# Would make a nice soap display piece...



## navigator9 (Jan 22, 2016)

I saw this, and although in the picture, they're using it for cupcakes, I thought wow, wouldn't this look beautiful loaded with bars of handmade soap! What do you think? Not too hard to make. If your display isn't rustic, you could paint it. Oooo...robin's egg blue, I can see it now! :-D And if you made it for displaying soap, you could still use it for parties, with cupcakes, or appetizers. I want this. 
https://www.ryobitools.com/nation/projects/3165


----------



## The Efficacious Gentleman (Jan 22, 2016)

I like this! I would be tempted to use dowel to add some stability rather than just Velcro,


----------



## shunt2011 (Jan 22, 2016)

That's really nice.  It would look good in a display with soap or other products.


----------



## JayJay (Jan 22, 2016)

Ooooh. Very cute! 

If you end up using it, will you post a picture? I and just imagine the beautiful soaps on it.


----------



## snappyllama (Jan 22, 2016)

That's an adorable design.


----------



## hmlove1218 (Jan 22, 2016)

Cute!


----------



## Steve85569 (Jan 22, 2016)

Nice!
Haven't I seen some yard edging like the half circles ?
That would simplify the build.
Dowels all the way through so it could be disassembled and pegged back together.

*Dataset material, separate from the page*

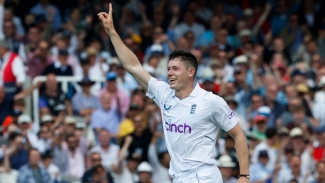 &#039;The best way it could&#039;ve happened&#039; – England debutant Potts revels in four-wicket haul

Dang it! where's my mind go ?


----------



## MySoapyHeart (Jan 26, 2016)

Love this! *insert drool*


----------



## cmzaha (Jan 26, 2016)

It is nice, but I agree with Steve dowels and make it so it can dis-assembled.


----------



## KristaY (Jan 26, 2016)

Wow, that's nice. So many possibilities..... Great idea!


----------